What needs to be done
All of the data below should be set down again verbatim, without any images.
--- Dataset extract ---
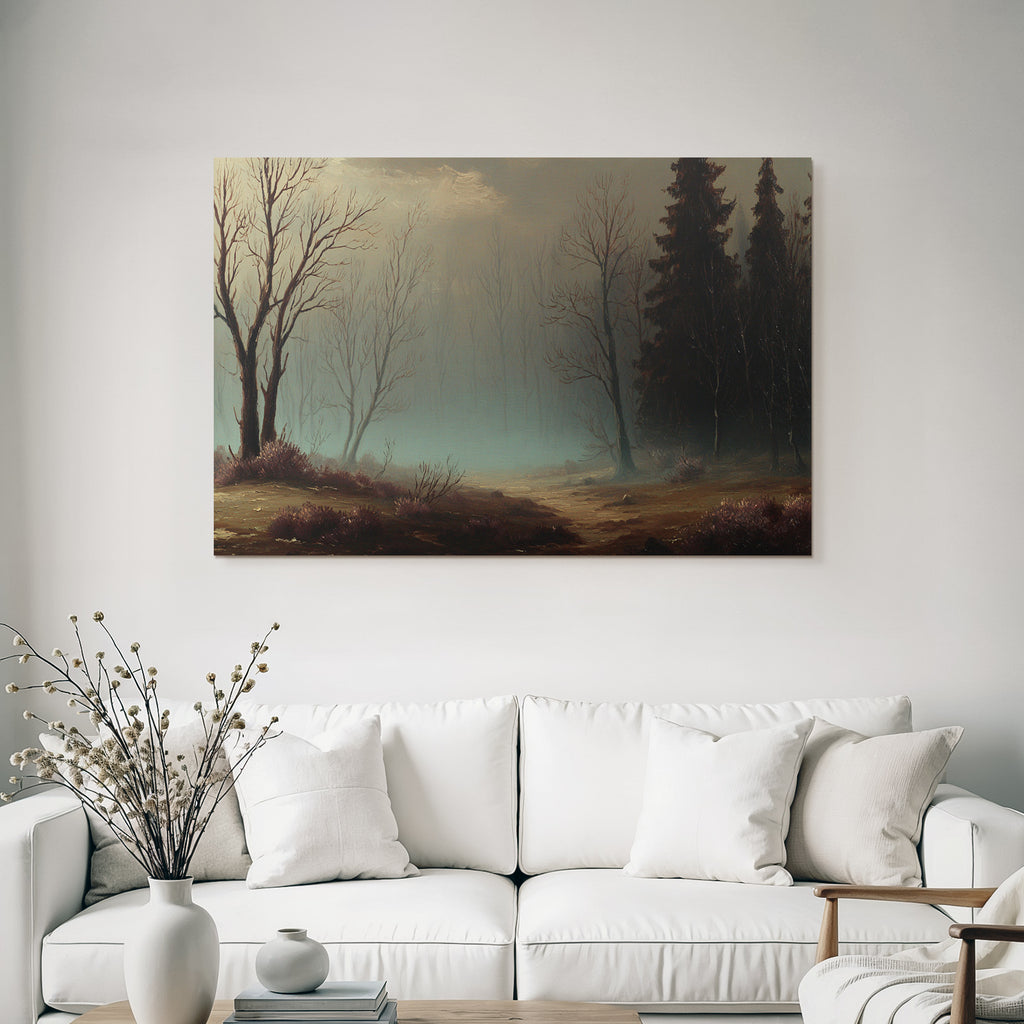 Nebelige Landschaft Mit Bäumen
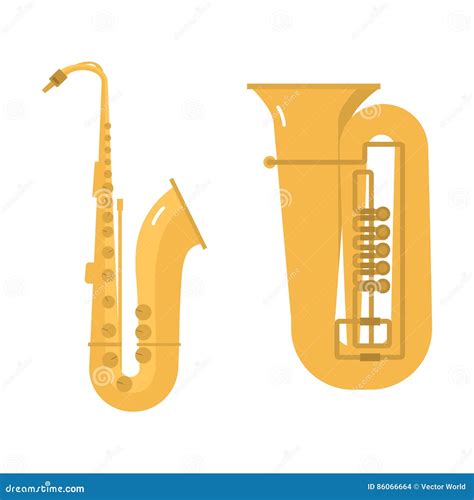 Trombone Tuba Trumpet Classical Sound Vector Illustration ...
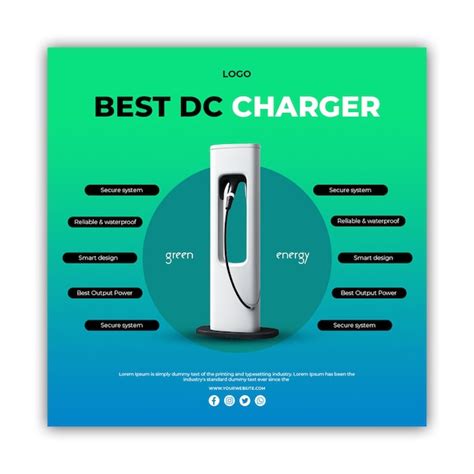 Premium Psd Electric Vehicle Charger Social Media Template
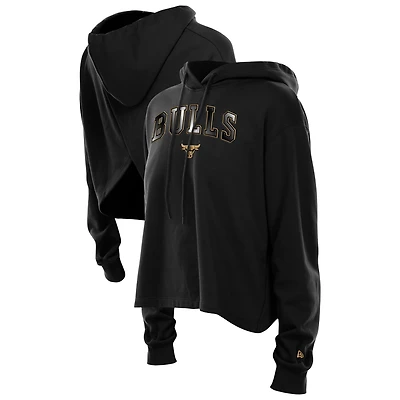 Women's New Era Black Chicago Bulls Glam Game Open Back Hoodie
---
Exercise solution
 Nebelige Landschaft Mit Bäumen
 Trombone Tuba Trumpet Classical Sound Vector Illustration ...
 Premium Psd Electric Vehicle Charger Social Media Template
 Women's New Era Black Chicago Bulls Glam Game Open Back Hoodie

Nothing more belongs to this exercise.